An agent is a stateful control loop, and the twenty-one patterns are the named ways to strengthen one stage of it — composition is slotting each into its place around a single explicit, persistent state object and making their interactions visible. Put real numbers on the loop (a multi-step task is cents and minutes per run, and a fortune at fleet scale), so cost, latency, and budget caps belong inside the loop. Choose a framework by the abstraction it exposes, not its fashion: LangChain for linear DAGs, LangGraph for stateful loops, ADK/CrewAI for managed teams. The book's strongest form is a human-led team of specialist agents — scaffolder, tester, documenter, optimizer, and a critique-then-reflect reviewer — driven by deliberate context, versioned prompts, and Git-hook review. And because the system is non-deterministic, the thing that lets you ship it at all is a regression gate over saved traces. The book's final word: agent systems are won with architecture, not model capability alone.

Interview prompts

Why doesn't having twenty-one working patterns give you a working agent? (§1 — the patterns are constraints on one shared state object and they interact; an unbounded reflection loop, a crash from a bolted-on tool error, or runaway memory growth are interaction failures no single pattern owns.

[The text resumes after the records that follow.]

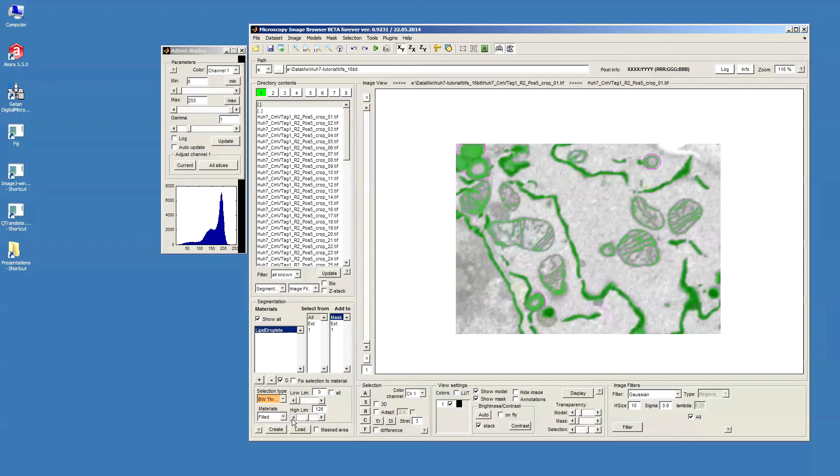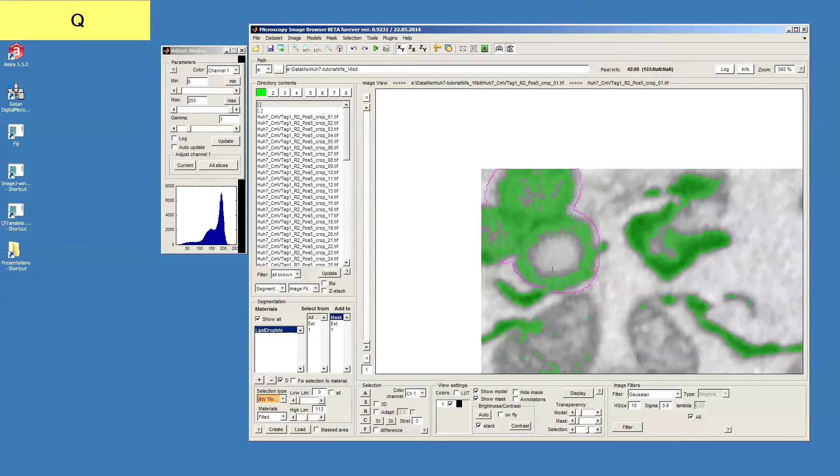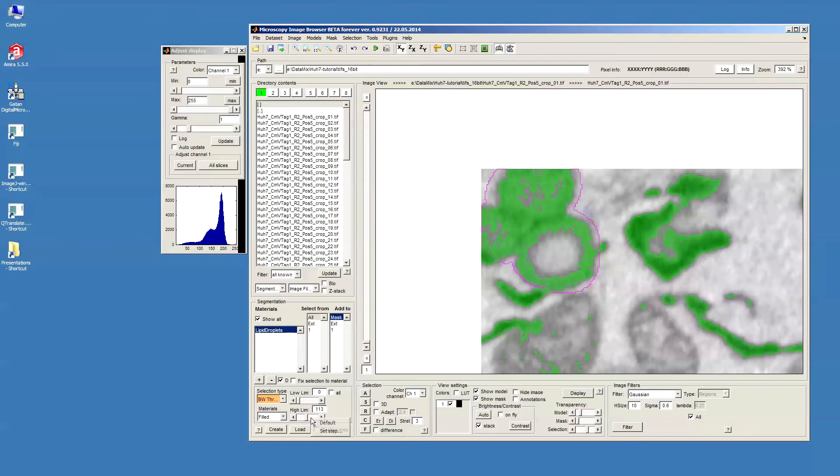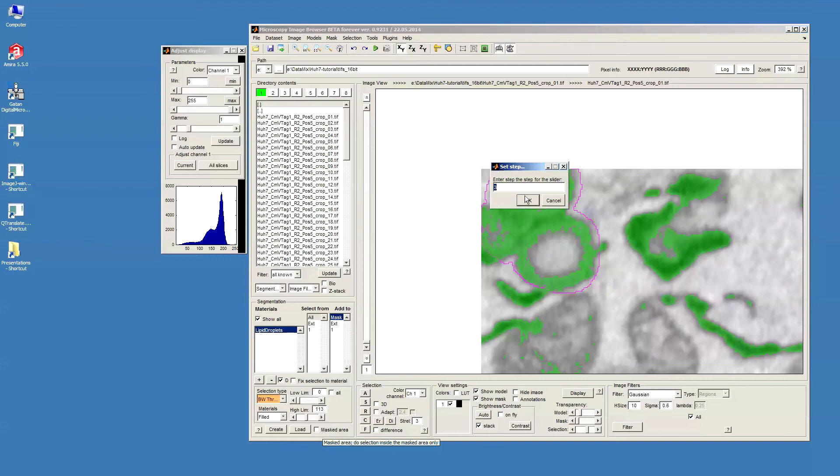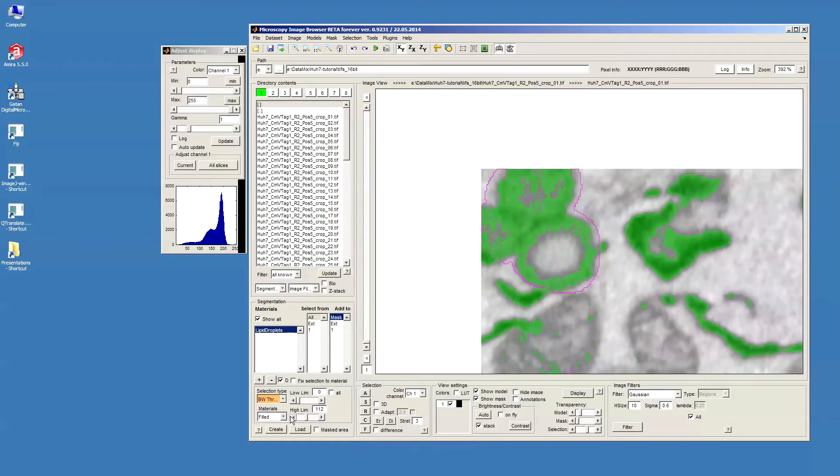I can move the slider or I can press these buttons. And then I can also specify the step for the slider by pressing the right mouse button above this slider and set this step for example to one. In this case each click on this button will change the value for the slider by one.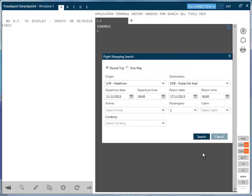So in conclusion, we can say that when using Travelport's fare shopping, there are many options to help find the right fare to meet the passenger's requirements. You have the choice of using easy filling formats or cryptic entries.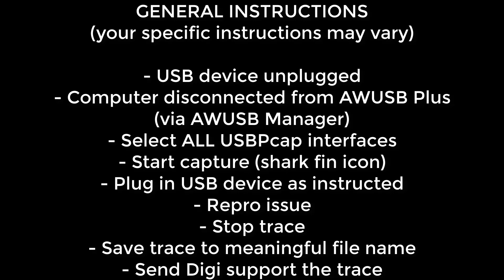Before starting Wireshark, the USB device in question should not be plugged into the computer or the Anywhere USB, and the computer should not be connected to the Anywhere USB Plus device via the Anywhere USB Manager.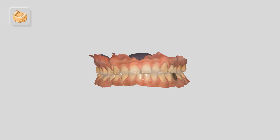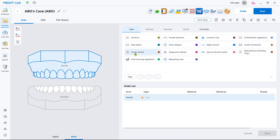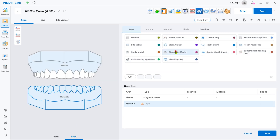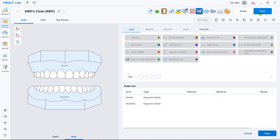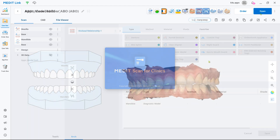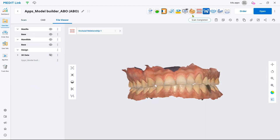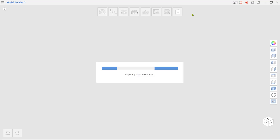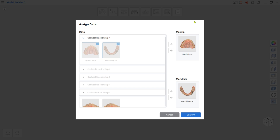You will need the scan data to work in the app. Create a new case, select Diagnostic Model as Product Type in the form, and then scan both arches. After scanning, open Model Builder by clicking the app icon at the top. Your scan data will be automatically assigned.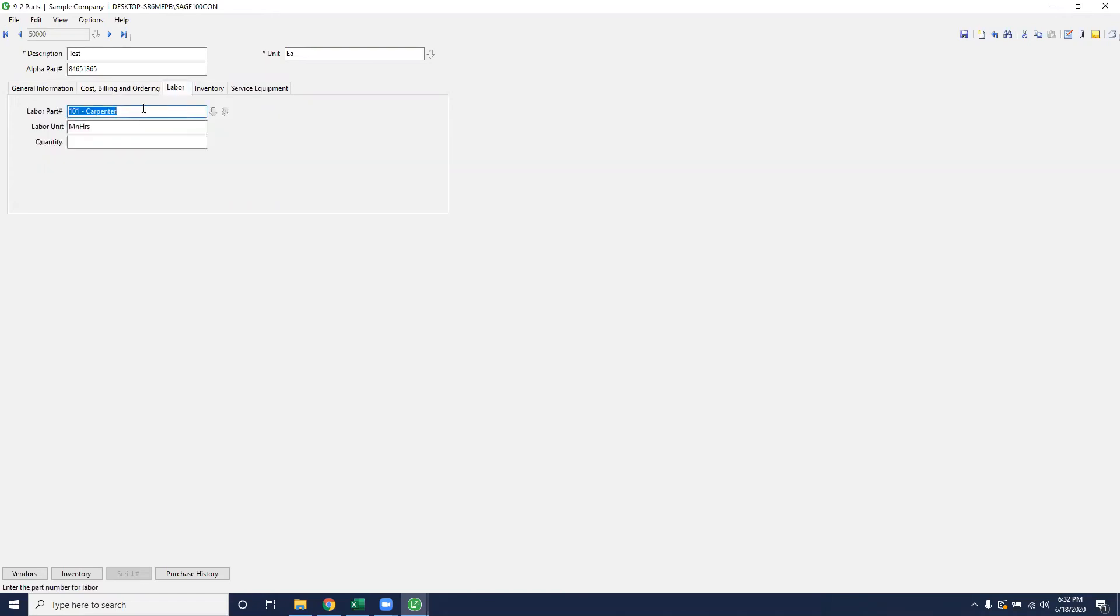The next item over is labor. You can put on a labor part that would associate this part, the test in our example, the labor part that would be for man hours. So then you can type in how many man hours it would take to complete that part.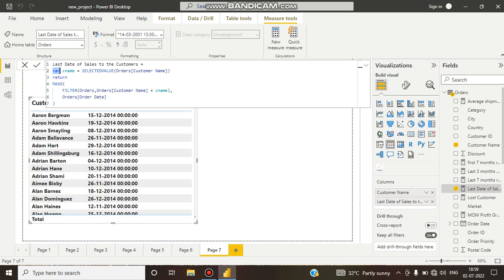What will it return? It will return MAXX with FILTER on the orders table. From the order table, get the customer name which equals C Name — that is, get the customer name where the customer name matches the SELECTEDVALUE. It will be filtered from the whole customer name column.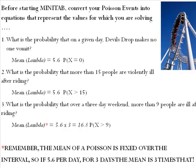What's the probability that more than 15 people are violently ill? Again, lambda remains fixed over the interval of one day because we're only concerned about a one-day period and we want to know the probability that x is greater than 15. Because we have no n or sample size in Poisson distributions, what we're actually solving for is the probability that from 16 to infinity people get violently ill after riding.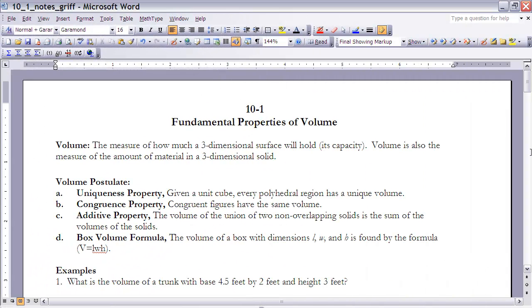This is the notes for section 10.1: Fundamental Properties of Volume. If you haven't done so already, make sure you read the section before continuing on with this video. In 10.1 we're going to look at the concept of volume and begin to look at how we can compute volume given three-dimensional surfaces and solids.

Composition is making those interactions explicit.)
Walk through where each pattern sits in the agent control loop. (§2 — intake/contract, route, plan + goal-monitor, then an act/observe loop with tools, retrieval, memory, guardrail and budget per step, recovery on error, reflect/verify, human gate on risk, and trace scoring at the end — all over one persistent state object.)

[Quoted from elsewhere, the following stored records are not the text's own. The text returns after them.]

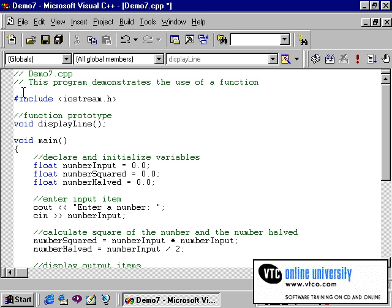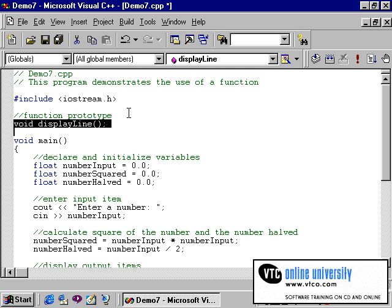I will use the program we used in the previous segment to discuss in detail each of the three components of a function. First, you must declare a function prototype. In our example, the function prototype is simply void display line. A function prototype is in essence declaring the function to C. If the program or defined function is located after the main function, the program will have one function prototype for each function definition. You usually place the function prototypes at the beginning of the program after the include directive, such as in the example that you see.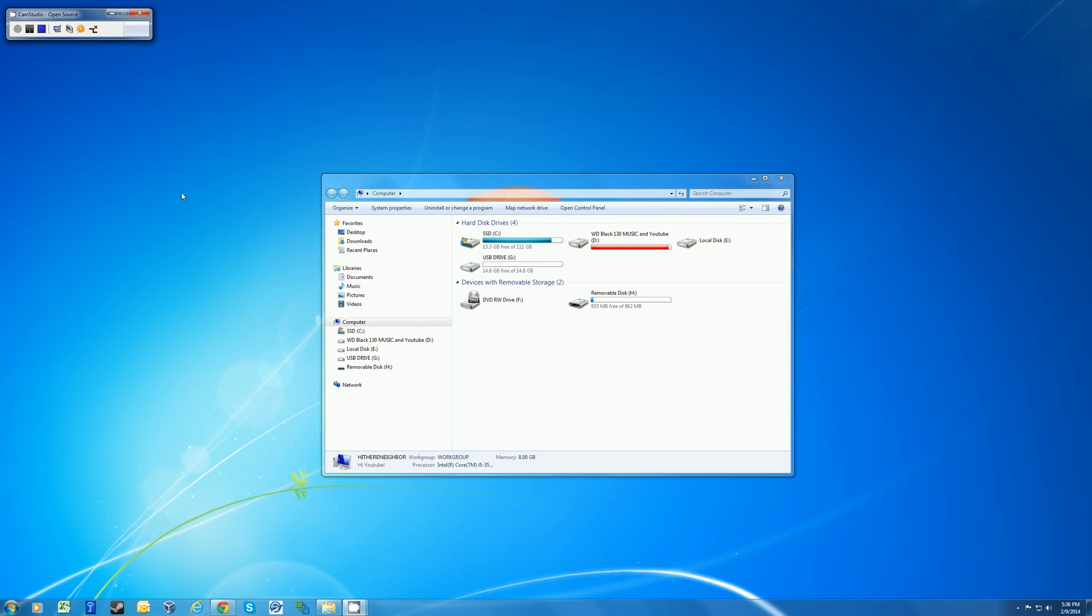Hi YouTube, in this video I'm going to show you how to format a USB drive in NTFS or FAT32 format.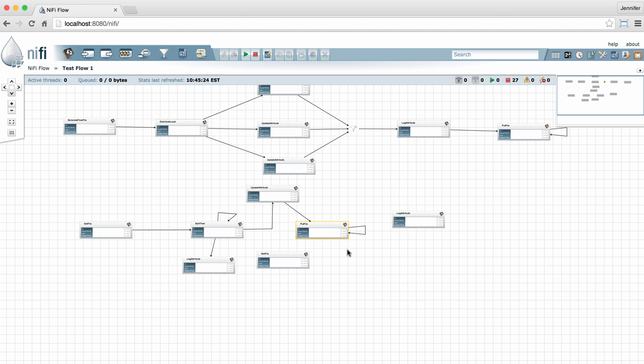So that's just a short overview of the data provenance page. As I mentioned, there are other features that we'll go over in a separate video. I hope you found this useful. Thanks for watching.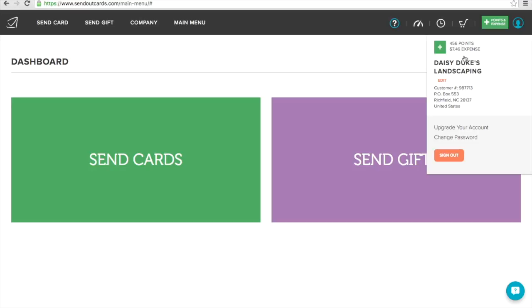This little silhouette is you. This is your account. Here it shows you, this is your own little point bank. This shows you how many points you have and how much expense you have. Points are how we pay for cards and gifts. This tells me I've got 456 points to buy cards and gifts with. What the expense represents is postage. This is how I would pay for my stamps, or this would be how I would pay for my postage for sending out cards and gifts.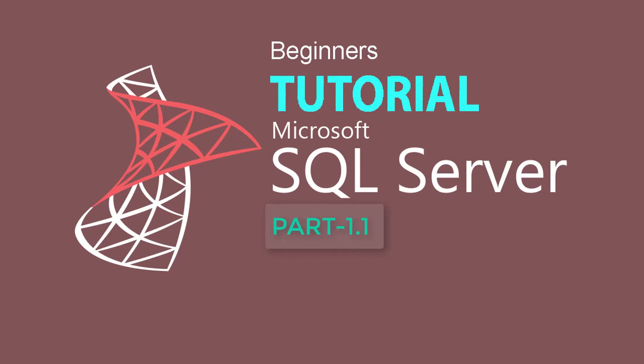Welcome to SQL Server tutorial part 1.1. It is an update of part 1. In part 1 I discussed the installation of SQL Server 2017 CTP version.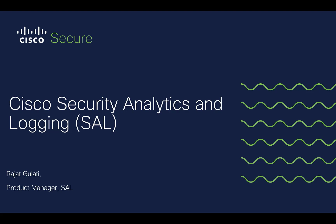Hello, I'm Rajat Gulati and today I want to demo for you the features of Cisco Security Analytics and Logging or SAL for short.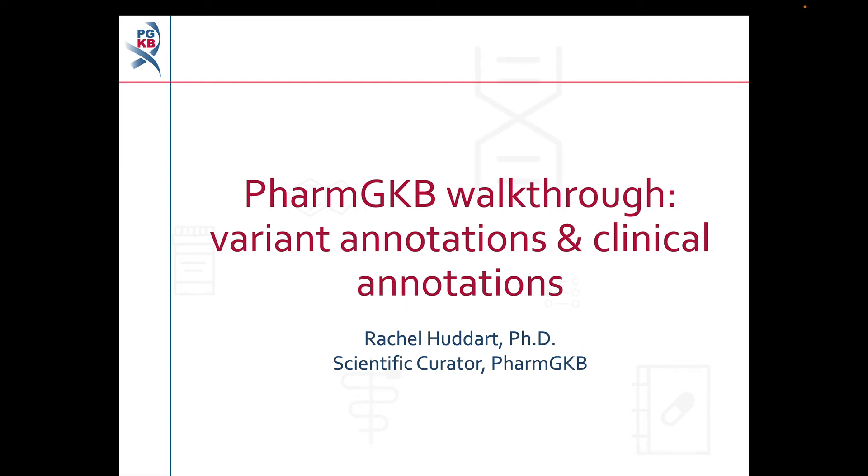Hello, my name is Rachel Huddert and I'm a scientific curator at PharmGKB. In this video, we're going to do a walkthrough of PharmGKB's variant annotations and clinical annotations.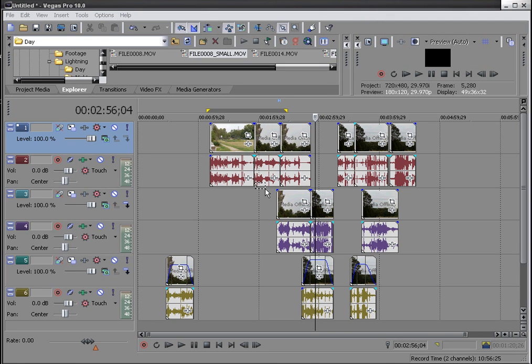What's up, Wayne Barron here with Dark Effects TV here to bring you a quick tip in Sony Vegas. Now this is using the selection tool which you can find right here.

Estimate the cost and latency of one multi-step coding task, then cut it. (§3 — e.g. 8 steps × ~12k input + ~1.5k output ≈ $0.47 and ~112 s; cut with prompt caching of static context, routing trivial steps to a cheaper model, and a hard budget cap to bound the failure case.)
LangChain vs LangGraph vs ADK vs CrewAI — how do you choose? (§4 — LangChain for linear DAGs with no loops; LangGraph for stateful loops with explicit persistent state (the home for an agent loop); ADK and CrewAI hide the graph for managed multi-agent teams. Pick by the abstraction that exposes the state, control, and observability you need — not by fashion.)
Describe the book's human-led agent team and the reviewer's two passes. (§5 — human as orchestrator/architect and final gate; specialist personas for scaffolding, testing, docs, and optimization; the reviewer first critiques like a static analyzer, then reflects on its own critique to emit prioritized, actionable feedback. Backed by deliberate context, versioned prompts, and a pre-commit Git hook.)
How do you safely ship a new version of a non-deterministic agent? (§6 — you cannot prove correctness, only guard against regression: a suite of saved traces scored on the whole trajectory (tool_failure, unsafe_action, budget_blowout, the coding patch, etc.) that a new prompt/model/framework must clear before release.)
Where does "vibe coding" belong, and where does it break? (§5 callout — strong for discovery/ideation (beating the blank page, exploring APIs, prototyping), but robust software needs the structured shift to a specialist-agent team with explicit context, tests, and review; don't ship the spark.)